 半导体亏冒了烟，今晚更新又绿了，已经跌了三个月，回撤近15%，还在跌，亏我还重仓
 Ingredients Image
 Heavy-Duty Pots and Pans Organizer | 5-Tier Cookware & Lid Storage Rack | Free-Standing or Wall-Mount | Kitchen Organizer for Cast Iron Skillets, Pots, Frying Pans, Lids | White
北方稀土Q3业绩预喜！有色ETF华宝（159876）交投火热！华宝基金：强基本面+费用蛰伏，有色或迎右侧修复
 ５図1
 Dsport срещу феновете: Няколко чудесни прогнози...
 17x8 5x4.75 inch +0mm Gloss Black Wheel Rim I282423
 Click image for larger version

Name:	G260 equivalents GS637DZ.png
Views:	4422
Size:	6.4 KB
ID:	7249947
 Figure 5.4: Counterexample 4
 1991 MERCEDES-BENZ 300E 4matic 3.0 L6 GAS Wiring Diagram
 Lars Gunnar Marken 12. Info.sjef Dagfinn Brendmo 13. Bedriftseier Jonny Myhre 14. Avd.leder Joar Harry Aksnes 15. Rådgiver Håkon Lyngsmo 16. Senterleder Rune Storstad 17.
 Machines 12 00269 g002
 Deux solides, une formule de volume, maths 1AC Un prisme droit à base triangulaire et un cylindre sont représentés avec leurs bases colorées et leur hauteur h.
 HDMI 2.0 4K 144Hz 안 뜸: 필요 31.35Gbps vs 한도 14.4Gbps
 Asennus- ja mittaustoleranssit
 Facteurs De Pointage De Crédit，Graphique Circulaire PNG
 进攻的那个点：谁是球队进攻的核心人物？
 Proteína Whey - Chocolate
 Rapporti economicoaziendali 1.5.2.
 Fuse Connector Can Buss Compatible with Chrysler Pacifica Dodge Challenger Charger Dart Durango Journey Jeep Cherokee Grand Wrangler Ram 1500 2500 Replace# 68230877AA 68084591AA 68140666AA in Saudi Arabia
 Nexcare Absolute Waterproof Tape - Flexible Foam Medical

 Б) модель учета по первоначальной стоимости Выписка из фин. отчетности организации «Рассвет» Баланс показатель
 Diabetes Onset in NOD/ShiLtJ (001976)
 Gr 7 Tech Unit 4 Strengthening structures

§ **Task description**:
Word for word, set down the complete listing once more.

§ **Exercise answer**:
 半导体亏冒了烟，今晚更新又绿了，已经跌了三个月，回撤近15%，还在跌，亏我还重仓
 Ingredients Image
 Heavy-Duty Pots and Pans Organizer | 5-Tier Cookware & Lid Storage Rack | Free-Standing or Wall-Mount | Kitchen Organizer for Cast Iron Skillets, Pots, Frying Pans, Lids | White
北方稀土Q3业绩预喜！有色ETF华宝（159876）交投火热！华宝基金：强基本面+费用蛰伏，有色或迎右侧修复
 ５図1
 Dsport срещу феновете: Няколко чудесни прогнози...
 17x8 5x4.75 inch +0mm Gloss Black Wheel Rim I282423
 Click image for larger version

Name:	G260 equivalents GS637DZ.png
Views:	4422
Size:	6.4 KB
ID:	7249947
 Figure 5.4: Counterexample 4
 1991 MERCEDES-BENZ 300E 4matic 3.0 L6 GAS Wiring Diagram
 Lars Gunnar Marken 12. Info.sjef Dagfinn Brendmo 13. Bedriftseier Jonny Myhre 14. Avd.leder Joar Harry Aksnes 15. Rådgiver Håkon Lyngsmo 16. Senterleder Rune Storstad 17.
 Machines 12 00269 g002
 Deux solides, une formule de volume, maths 1AC Un prisme droit à base triangulaire et un cylindre sont représentés avec leurs bases colorées et leur hauteur h.
 HDMI 2.0 4K 144Hz 안 뜸: 필요 31.35Gbps vs 한도 14.4Gbps
 Asennus- ja mittaustoleranssit
 Facteurs De Pointage De Crédit，Graphique Circulaire PNG
 进攻的那个点：谁是球队进攻的核心人物？
 Proteína Whey - Chocolate
 Rapporti economicoaziendali 1.5.2.
 Fuse Connector Can Buss Compatible with Chrysler Pacifica Dodge Challenger Charger Dart Durango Journey Jeep Cherokee Grand Wrangler Ram 1500 2500 Replace# 68230877AA 68084591AA 68140666AA in Saudi Arabia
 Nexcare Absolute Waterproof Tape - Flexible Foam Medical

 Б) модель учета по первоначальной стоимости Выписка из фин. отчетности организации «Рассвет» Баланс показатель
 Diabetes Onset in NOD/ShiLtJ (001976)
 Gr 7 Tech Unit 4 Strengthening structures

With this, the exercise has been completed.